To explain the climbing grades, I'll tell a situation that I have witnessed in a wonderful winter day at the climbing crag. The sun warmed the rock to the right temperature and I enjoyed a quiet climbing day in the nature, however some screams has distracted me: there was a climber who send an overhang, grade 5.13b. Later the same climber decided to climb another route, grade 5.10b. While preparing, he has explained to his companion that this'll be a much easier route, comparing to the one he had just climbed, so also suitable for her.

Unfortunately, however, the ascent looked far from easy, the feet of the climber was sliding, he climbed with appalling technique and has taken more than half an hour to understand how to get trough. I couldn't believe it was the same person, I look under the overhang expecting to see his twin brother, but just the rope was hanging there. When he finally finished the climb, he said: "It was easy; I haven't seen a hold." The girl was worried, because obviously, to see our climber, the easy climb seemed harder than the hard climb, but thanks to some of my suggestions, she went up the route with much more ease and elegance than his climbing partner. This is just the last example of a climber with appalling technique but a lot of strength that I have witnessed. Similar situations are becoming more and more frequent.

On the crags you can increasingly often see strong and trained climbers failing on far too much easy climbs for their physical potential. Usually this occurs when people who are exercising a lot, moves from overhangs to vertical climbs, or when the climb requires a strong technical creativity. These climbers can have in their curriculum a number of climbs with very high grades even without having learned the basics of climbing. This contrast becomes even more evident, when you move from low crags to the mountains with trad climbing: try to ask some mountaineer and he will tell you about sport climbers with very high grades in their curriculum, which turned out to be very bad climbing companions, sometimes even worse than a beginner.
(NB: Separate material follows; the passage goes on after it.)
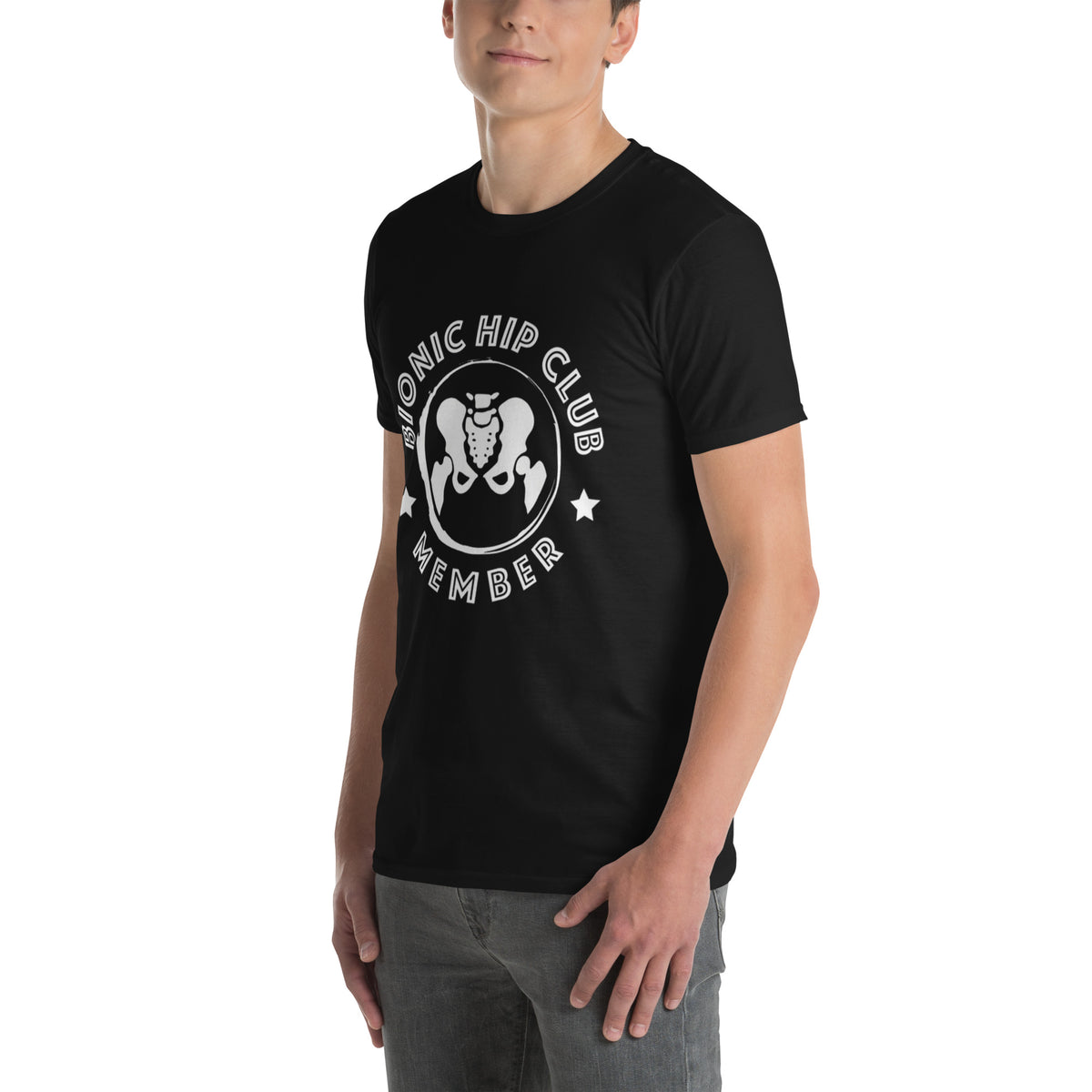 &quot;Bionic Hip Club Member&quot; Short-Sleeve Unisex T-Shirt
What is your climbing grade? The quality of a climber is based on how hard they climb?

The climbing grade helps us to know the difficulty that we can find on a climb, but it is also a way to create a hierarchy. It is, actually, a very indirect way to compare. The competitions are a direct way: at the end there are those who come first, second, and those who come third. When you ask someone the climbing grade he can climb, you would like to know if he climbs better or worse than you, but you are making the question in an indirect way, you make the way around. So if he will respond with a higher grade to your own, you will not feel inferior, because he will not say it directly: I am better than you. If your grade will be higher you can feel superior without being worrying to appear vain. It's just a way not to be direct, not to express clearly. So if you do not like direct confrontation, such as that of the competitions, but you are still a competitive person, you can choose this alternative competition: the competition to those who make the highest grade. It's a more comfortable competition, you can find many excuses if you fail, many arguments. This competition is generating many debates, and not only between top climbers; elation and misery while discussing climbing grades are present in climbers at all grades.
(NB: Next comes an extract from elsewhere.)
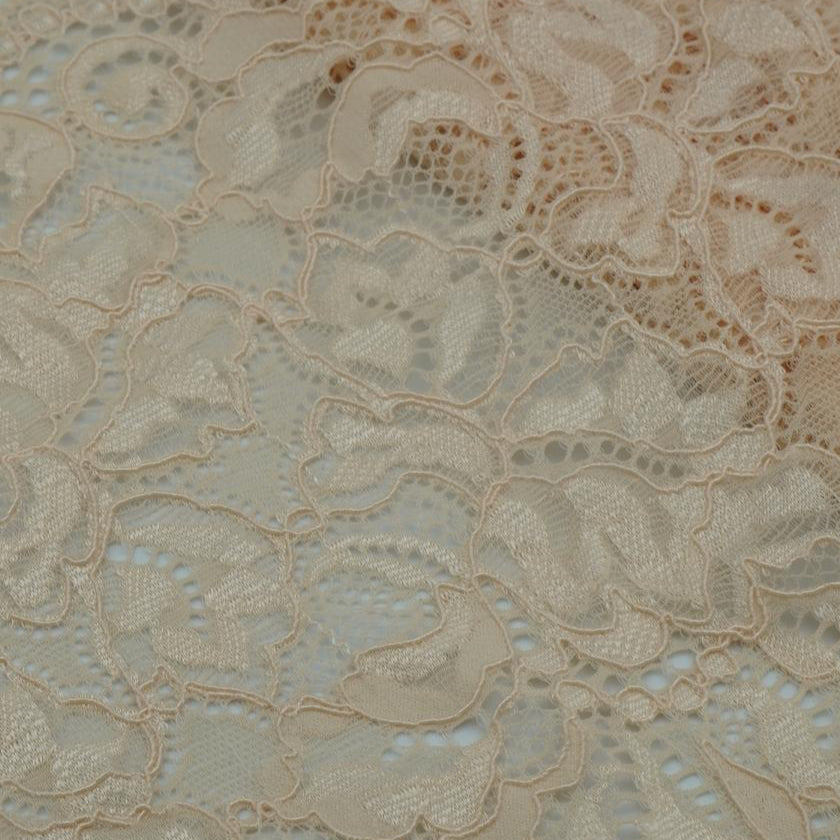 Lace Thong with Adjustable Straps – Beige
In 1945, Pierre Allain, a high level climber and creator of many boulder problems in Fontainebleau, founded a strongly hierarchical group: The Cuvier Academic Club. When they had to determine who climbed better they did not mince words or lists of climbs with grades, the hierarchy was simply the following:

Grade 0 : Beginner
Grade 1 : Scrap Whiner
Grade 2 : Poor Idiot
Grade 3 : Tender Promise
Grade 4 : Honorable Climber
Grade 5 : Powerful Lord of the Small Holds
Grade 6 : Venerable Master and Pure Light of the Rocks

I'm not a fan of the grades race, as I'm not of a scale to determine the hierarchy of the climbers, but the scale invented by Pierre Allain can help us to understand how grades are imprecise. Now let's try to assign a Pierre Allain's scale grade, to the climber described above; which can climb an overhang of 5.13b and at the same time is in serious difficulties on a plate of a considerably lower grade. Let's start from the top and go for exclusion. The Grade 6 or 5 can be too much: he has shown very low mastery and skills on small footholds (but we have to mention, that the translation from the French of gratton is very inaccurate: gratton in fact indicate small footholds and holds on which you need to practice precise and elegant climbing). The obvious difficulty of understanding the primary element, on which he was moving, makes impossible to assign even the Grade 4, Honorable Climber. Tender Promise means a hope, yet tender, soft, ready to accommodate and shape itself to improve. Since the softness here has been sold out in order to get the strength, the Grade 3 does not seem appropriate. Grade 2, Poor Imbecile, it just seems to fit perfectly.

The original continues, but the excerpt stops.